RAW DATA:
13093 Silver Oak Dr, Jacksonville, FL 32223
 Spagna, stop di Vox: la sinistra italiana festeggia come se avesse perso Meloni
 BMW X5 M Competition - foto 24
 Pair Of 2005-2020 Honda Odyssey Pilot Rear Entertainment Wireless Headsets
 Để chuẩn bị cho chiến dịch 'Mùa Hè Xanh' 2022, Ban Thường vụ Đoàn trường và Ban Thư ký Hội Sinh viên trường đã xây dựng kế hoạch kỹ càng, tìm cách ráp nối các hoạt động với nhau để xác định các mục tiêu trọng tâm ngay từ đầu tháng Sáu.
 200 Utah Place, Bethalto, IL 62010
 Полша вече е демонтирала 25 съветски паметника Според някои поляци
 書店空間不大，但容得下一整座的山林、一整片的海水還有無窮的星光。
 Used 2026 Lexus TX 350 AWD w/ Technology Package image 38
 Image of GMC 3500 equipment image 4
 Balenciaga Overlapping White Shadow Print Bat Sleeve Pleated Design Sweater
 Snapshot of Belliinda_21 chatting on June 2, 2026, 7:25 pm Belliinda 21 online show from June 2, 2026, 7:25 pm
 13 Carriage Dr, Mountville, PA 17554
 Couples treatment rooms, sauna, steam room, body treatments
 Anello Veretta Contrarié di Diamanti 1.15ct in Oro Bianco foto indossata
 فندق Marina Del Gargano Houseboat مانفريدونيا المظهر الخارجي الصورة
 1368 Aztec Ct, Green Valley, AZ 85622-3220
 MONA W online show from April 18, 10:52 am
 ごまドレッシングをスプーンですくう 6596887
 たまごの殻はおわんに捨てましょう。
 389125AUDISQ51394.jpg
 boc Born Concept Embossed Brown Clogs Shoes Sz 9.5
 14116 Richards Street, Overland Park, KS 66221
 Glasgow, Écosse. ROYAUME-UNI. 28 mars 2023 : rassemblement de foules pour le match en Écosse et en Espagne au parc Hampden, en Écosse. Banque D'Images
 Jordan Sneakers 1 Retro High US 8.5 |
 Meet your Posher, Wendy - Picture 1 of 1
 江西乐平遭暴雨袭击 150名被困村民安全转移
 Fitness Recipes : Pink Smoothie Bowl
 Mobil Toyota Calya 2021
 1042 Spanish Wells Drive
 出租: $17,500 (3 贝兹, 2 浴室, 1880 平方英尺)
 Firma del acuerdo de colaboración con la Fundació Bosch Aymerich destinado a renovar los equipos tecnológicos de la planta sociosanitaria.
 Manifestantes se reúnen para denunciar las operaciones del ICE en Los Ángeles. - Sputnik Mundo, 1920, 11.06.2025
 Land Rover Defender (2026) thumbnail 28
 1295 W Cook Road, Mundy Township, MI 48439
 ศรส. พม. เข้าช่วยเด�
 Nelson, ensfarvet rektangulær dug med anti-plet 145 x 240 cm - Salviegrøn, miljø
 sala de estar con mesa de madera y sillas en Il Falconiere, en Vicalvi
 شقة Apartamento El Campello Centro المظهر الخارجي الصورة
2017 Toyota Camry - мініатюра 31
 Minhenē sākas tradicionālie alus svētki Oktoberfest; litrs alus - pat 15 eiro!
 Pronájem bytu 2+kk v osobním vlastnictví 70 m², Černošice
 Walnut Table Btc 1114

TASK REQUIREMENTS:
The lines from the one containing "1295 W Cook Road, Mundy Township, MI 48439" to the final line of the listing above must be set down exactly, both included.

RESPONSE BOX:
 1295 W Cook Road, Mundy Township, MI 48439
 ศรส. พม. เข้าช่วยเด�
 Nelson, ensfarvet rektangulær dug med anti-plet 145 x 240 cm - Salviegrøn, miljø
 sala de estar con mesa de madera y sillas en Il Falconiere, en Vicalvi
 شقة Apartamento El Campello Centro المظهر الخارجي الصورة
2017 Toyota Camry - мініатюра 31
 Minhenē sākas tradicionālie alus svētki Oktoberfest; litrs alus - pat 15 eiro!
 Pronájem bytu 2+kk v osobním vlastnictví 70 m², Černošice
 Walnut Table Btc 1114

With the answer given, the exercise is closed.